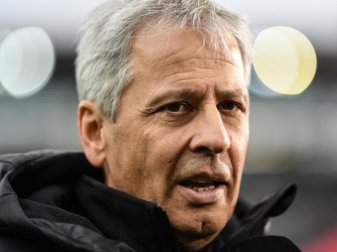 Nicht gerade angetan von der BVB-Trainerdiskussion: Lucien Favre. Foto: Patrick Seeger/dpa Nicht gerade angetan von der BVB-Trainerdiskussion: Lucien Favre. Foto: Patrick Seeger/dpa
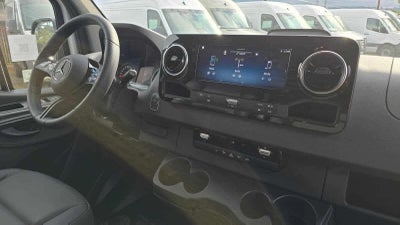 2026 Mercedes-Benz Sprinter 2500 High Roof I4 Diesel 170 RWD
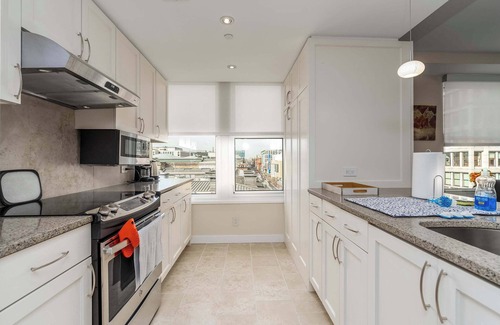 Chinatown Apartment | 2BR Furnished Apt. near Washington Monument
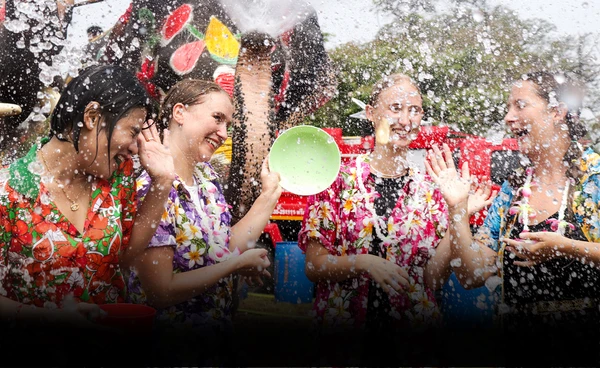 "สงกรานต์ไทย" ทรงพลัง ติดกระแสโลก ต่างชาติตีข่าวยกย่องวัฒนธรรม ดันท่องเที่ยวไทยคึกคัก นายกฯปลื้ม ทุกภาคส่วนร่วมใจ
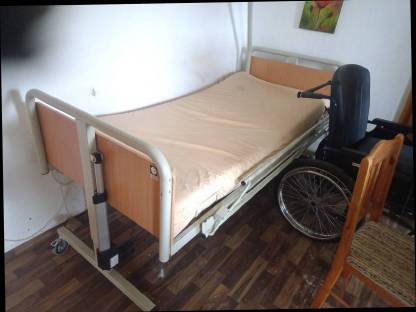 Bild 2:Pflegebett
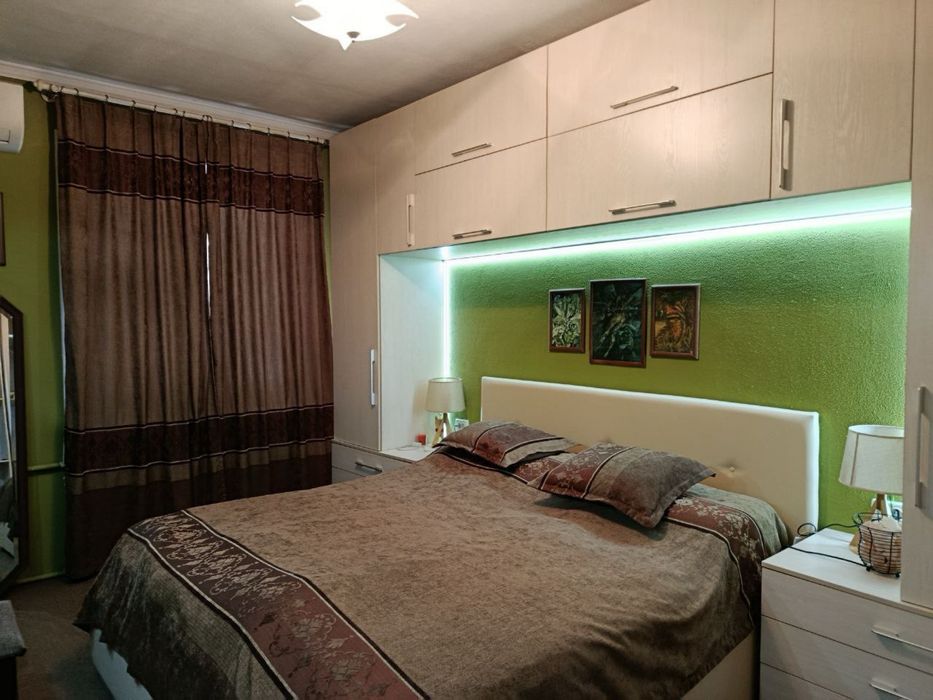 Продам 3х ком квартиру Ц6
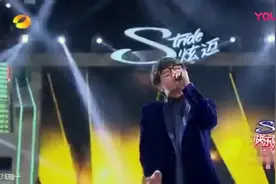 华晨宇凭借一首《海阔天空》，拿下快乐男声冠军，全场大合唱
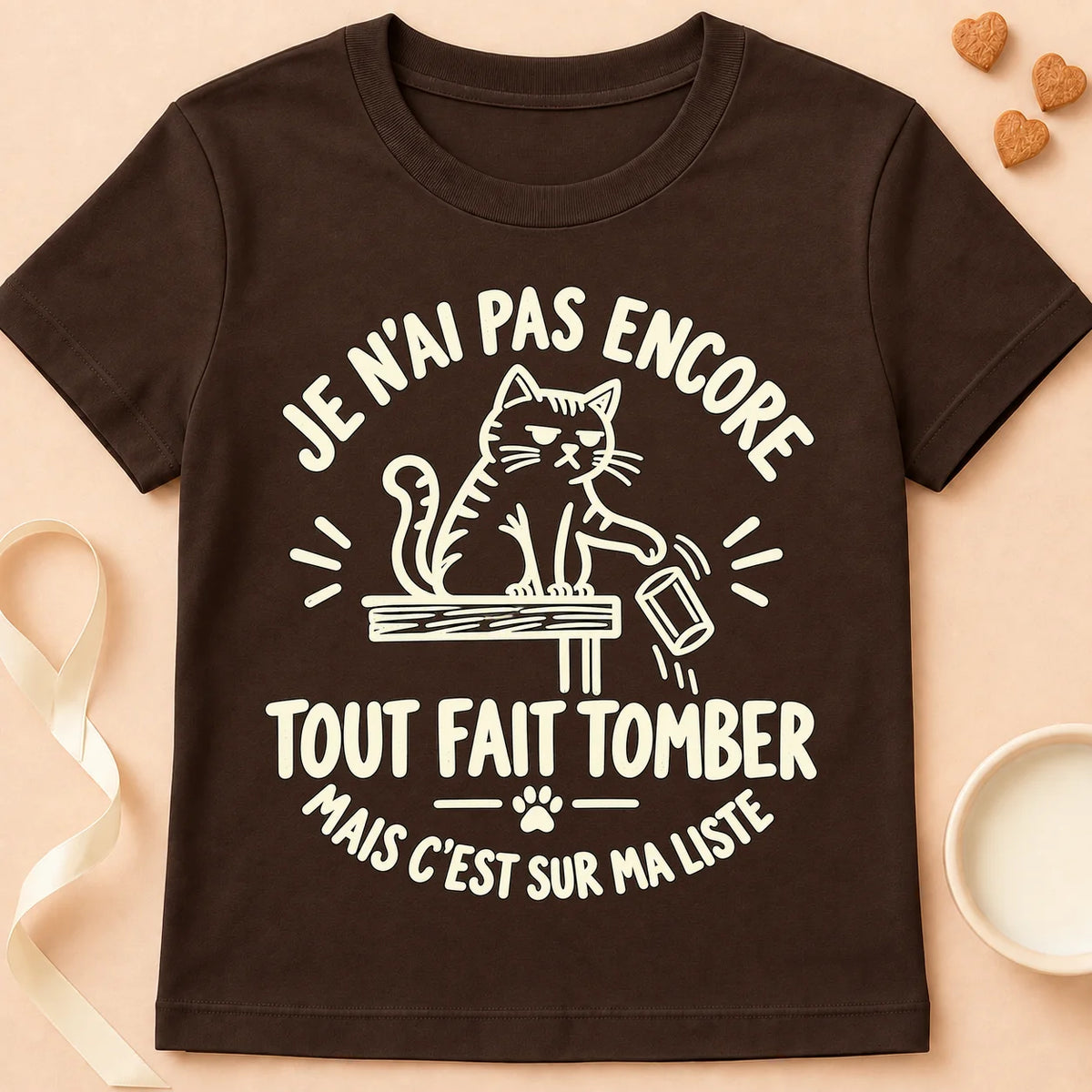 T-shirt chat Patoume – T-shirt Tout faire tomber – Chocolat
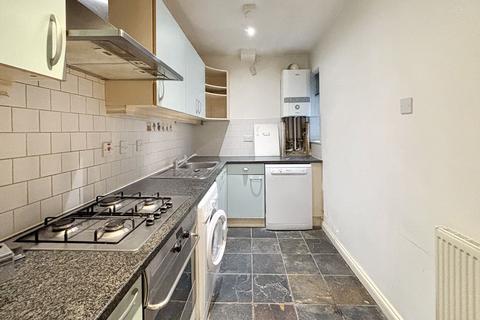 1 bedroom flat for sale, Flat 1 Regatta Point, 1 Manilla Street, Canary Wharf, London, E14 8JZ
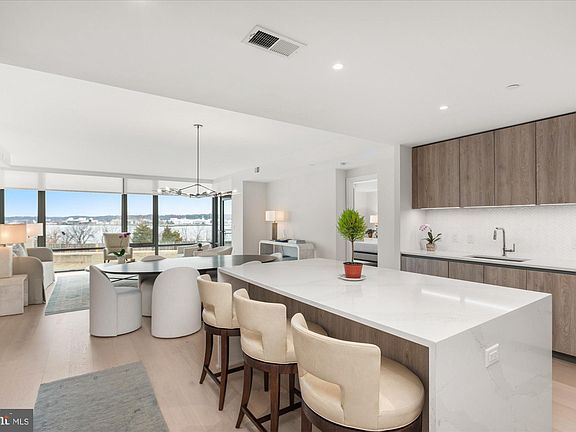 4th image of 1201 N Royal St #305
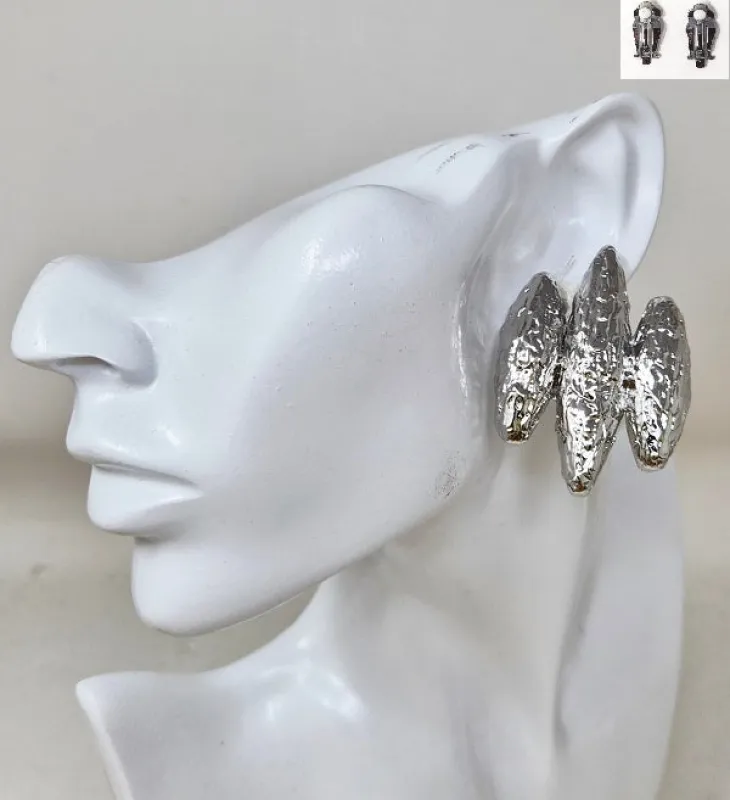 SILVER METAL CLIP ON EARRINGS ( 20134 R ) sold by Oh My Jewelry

What is required: Wherever an image appears in the data, omit it and repeat everything else exactly.

Exercise answer:
 Nicht gerade angetan von der BVB-Trainerdiskussion: Lucien Favre. Foto: Patrick Seeger/dpa Nicht gerade angetan von der BVB-Trainerdiskussion: Lucien Favre. Foto: Patrick Seeger/dpa
 2026 Mercedes-Benz Sprinter 2500 High Roof I4 Diesel 170 RWD
 Chinatown Apartment | 2BR Furnished Apt. near Washington Monument
 "สงกรานต์ไทย" ทรงพลัง ติดกระแสโลก ต่างชาติตีข่าวยกย่องวัฒนธรรม ดันท่องเที่ยวไทยคึกคัก นายกฯปลื้ม ทุกภาคส่วนร่วมใจ
 Bild 2:Pflegebett
 Продам 3х ком квартиру Ц6
 华晨宇凭借一首《海阔天空》，拿下快乐男声冠军，全场大合唱
 T-shirt chat Patoume – T-shirt Tout faire tomber – Chocolat
 1 bedroom flat for sale, Flat 1 Regatta Point, 1 Manilla Street, Canary Wharf, London, E14 8JZ
 4th image of 1201 N Royal St #305
 SILVER METAL CLIP ON EARRINGS ( 20134 R ) sold by Oh My Jewelry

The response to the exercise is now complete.